Charity, with all its shades of meaning, is one of the chief virtues of Christianity. We know that one way to exercise charity is to help those who are unable to buy the necessities of life. But we don’t want to be too profligate with our largesse, so we decide to limit our giving to the “worthy poor.” Let’s stop a minute and think about that. If they are worthy, if they deserve our charity, then our charity is no longer charity, we are simply giving them what they deserve. That is justice, not charity.

The giving of material help, in the form of money or otherwise, is only a small part of what is meant by charity. But that thought of restricting our charity to those who are worthy tends to worm its way into all our human relationships. So and so doesn’t understand me so there’s no point even trying to visit with her. Someone else has such a contrary attitude that it’s a waste of time trying to explain anything to him. Thus we limit our friendship to a select circle. If it’s all about me and my feelings, that is not charity.

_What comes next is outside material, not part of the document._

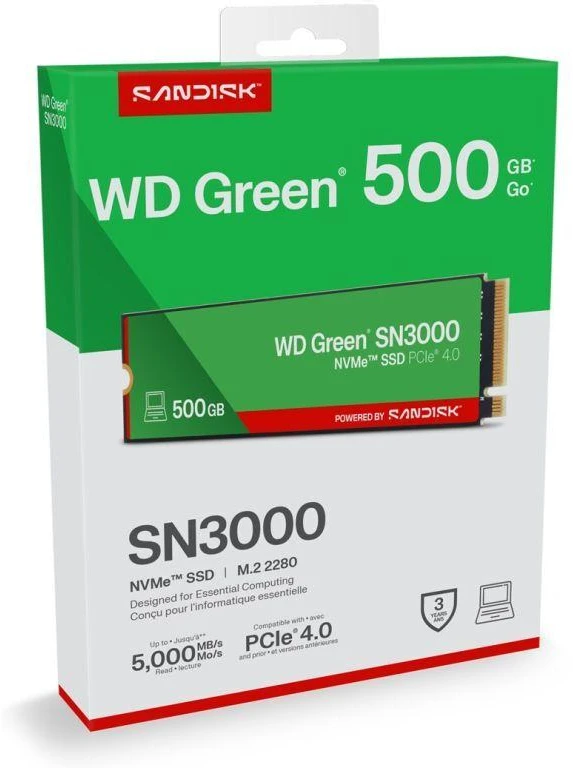 Ausinės WD Žalias SN3000 500 GB M.2 NVMe WDS500G4G0E SSD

Jesus promised a blessing to those who are poor in spirit, so we want to be poor in spirit in order to receive the blessing. But is there a conviction deep inside, that we almost succeed in hiding from ourselves, that we are one of the “worthy” poor in spirit? We deserve the blessing because . . .  Because of what? Good blood lines? Because we never did anything that was very wrong? Or perhaps we have led an outstandingly, spectacularly sinful life and we have become worthy by turning around. Again, it is all about me. Grace that is deserved because I am “worthy” is not grace at all.

I need to come to God and confess that everything that has ever turned out wrong in my life has been my own doing. Nobody helped me, I did it all by myself. And I need to hold on to that truth the rest of my life. I am still capable of all the things I once did, and far more besides. Then the grace of God is truly grace, and I can be charitable to all those who don’t seem to like me very much, because I am not worthy that anyone should like me. Everything good that comes my way in life is an unmerited blessing.